The Canadian dollar was ahead by more than a penny and Toronto stocks rose after Qatar's top energy official confirmed OPEC member states and other major oil producers will meet next month to discuss a freeze on oil output.
The talks will be hosted in Doha on April 17, according to a statement from Mohammed bin Saleh al-Sada, Qatar's energy minister.
Oil prices reversed their downward trend of the last two days on the news. Brent crude soared above $40 US and West Texas Intermediate was up 5.8 per cent at the close of trading.
WTI, the benchmark North American contract, rose $2.12 US to $38.24 US a barrel. Brent crude, the main international contract, was up $1.53 at $40.27.
The loonie closed above 76 cents US at 76.21, gaining 1.37 cents US on the day, after the U.S. Fed announced it would not raise rates.
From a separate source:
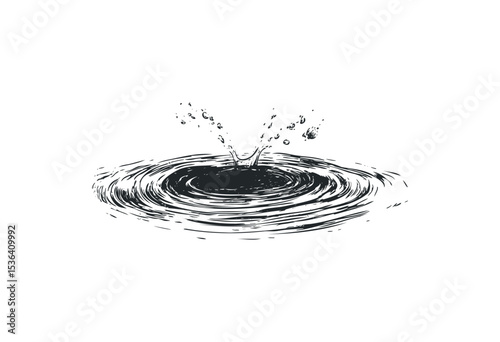 Splash in water: artistic ripple effect with droplets. Vector retro hand drawn illustration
The interest rate announcement caused a spike in currencies and markets.
The TSX also gained, rising 77 points to 13,478.
Oil prices have been declining for the past 18 months as an oversupply of oil floods world markets.
Saudi Arabia, which has crude that is relatively cheap to recover, was believed to be content to let prices drop in order to keep its market share.
Production from non-OPEC sources, primarily the North American oilpatch, has dropped as prices sank.
But the low prices have become problematic for most OPEC members, as governments are going into debt as revenue streams are diminished.
Russia, while not an OPEC member, is in particular economic trouble and plans to attend the meeting to discuss an oil freeze.
Some 15 oil-producing nations representing about 73 per cent of world output have agreed to take part, according to a statement from Qatar, which is head of OPEC.
"The continuous efforts of the Qatari government have been instrumental in promoting dialogue among all oil producers to support the Doha initiative, helping the stabilization of (the) oil market to the interest of all," al-Sada said in the statement.
Saudi Arabia, Qatar and Venezuela came to a tentative agreement with Russia earlier this month to freeze output if other oil producers follow suit.
OPEC members Kuwait and the United Arab Emirates have expressed support for the initiative.
But Iran, which had sanctions on its oil exports lifted earlier this year, is an outlier. It has said it wants to increase production.
Ultimately much of the decision will rest with the world's biggest producer, Saudi Arabia, which has boosted production throughout the past year, even as oil prices tanked.